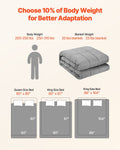 Weighted Blanket 11kg QUEEN Grey Cooling Breathable Glass Beads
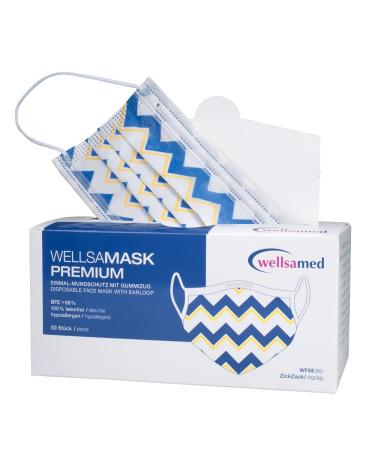Wellsamed Wellsamask 50 pieces medical face mask Type IIR with elastic band with zigzag motif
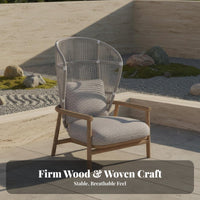 Woven Armchair with Paddings Rustic Simplicity Artistic Appearance Rope Weave Lounge Chair Weather-Resistant Outdoor Furniture for Homeowners, Garden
-*-*-
Problem to solve: Would you set down, word for word, the lines running from the one that contains "Wellsamed Wellsamask 50" to the last line of the material, omitting all pictures?

Problem solution:
Wellsamed Wellsamask 50 pieces medical face mask Type IIR with elastic band with zigzag motif
 Woven Armchair with Paddings Rustic Simplicity Artistic Appearance Rope Weave Lounge Chair Weather-Resistant Outdoor Furniture for Homeowners, Garden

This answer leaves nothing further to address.